• **WORK TASK**:
Pictures do not belong in the copy; restate the records below word for word.

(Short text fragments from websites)
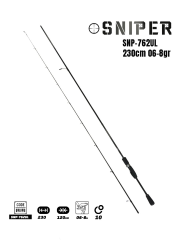 Fujin Sniper 230 Cm 0,6-8 Gr Ultra Light LRF Kamışı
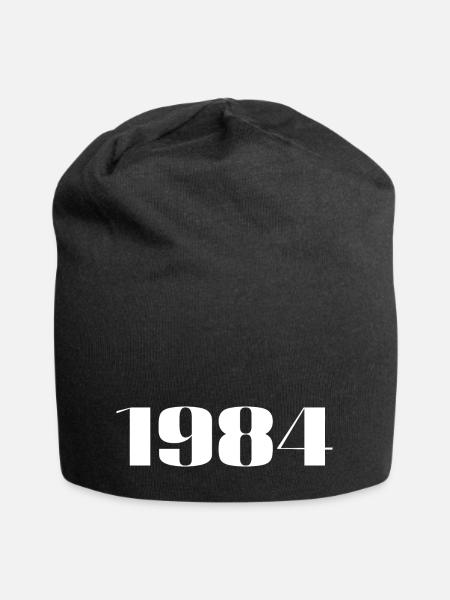1984 - Gift born in 1984 - Jersey Beanie - black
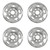 Set of 4, 2002 - 2003 Chevy Avalanche Truck Wheel Skin Covers Wheel Skins 16" Chrome Finish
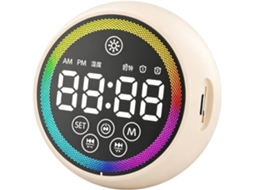 Despertador Portátil Genérico Com Visor Led E Som Potente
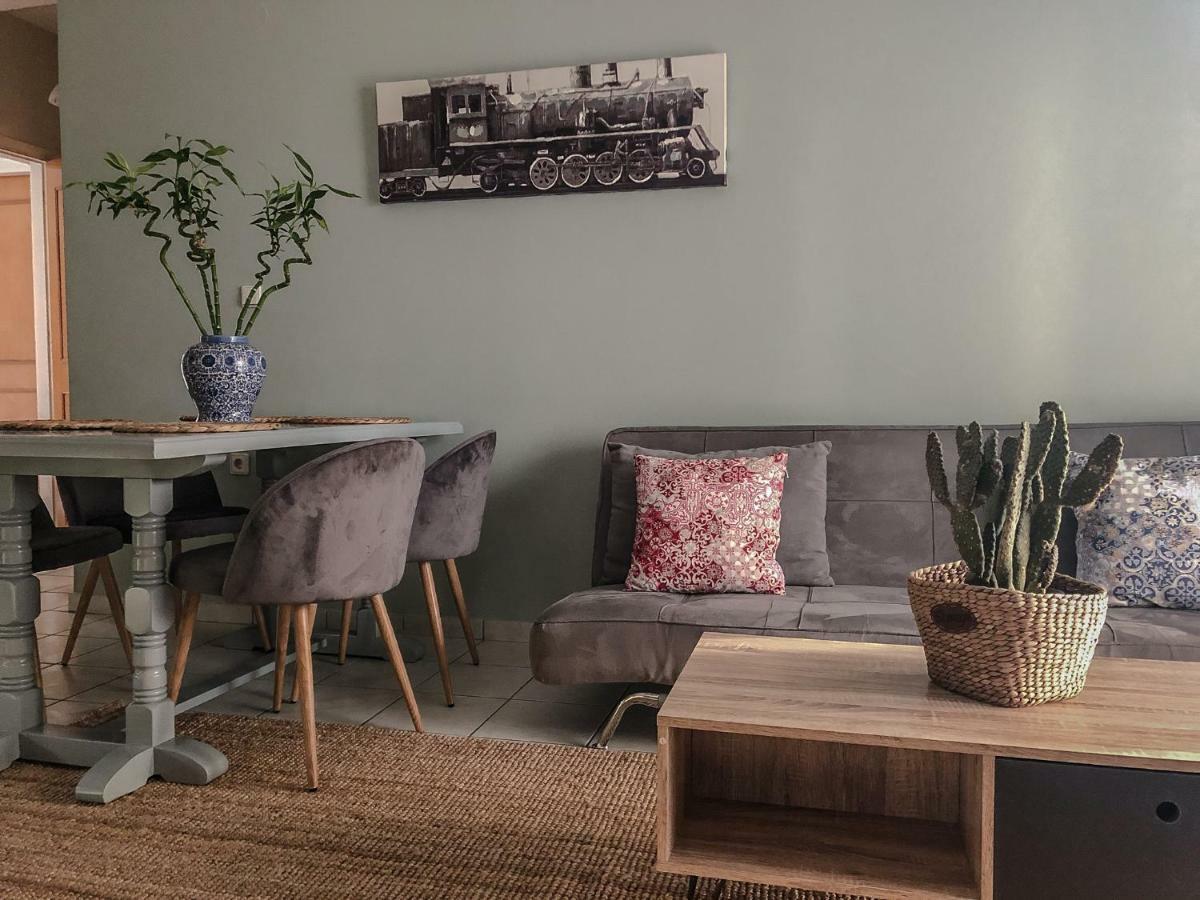 Sofia City Beach Apt. Nea Chora Chania 干尼亞 外观 照片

• **EXERCISE RESULT**:
 Fujin Sniper 230 Cm 0,6-8 Gr Ultra Light LRF Kamışı
1984 - Gift born in 1984 - Jersey Beanie - black
 Set of 4, 2002 - 2003 Chevy Avalanche Truck Wheel Skin Covers Wheel Skins 16" Chrome Finish
 Despertador Portátil Genérico Com Visor Led E Som Potente
 Sofia City Beach Apt. Nea Chora Chania 干尼亞 外观 照片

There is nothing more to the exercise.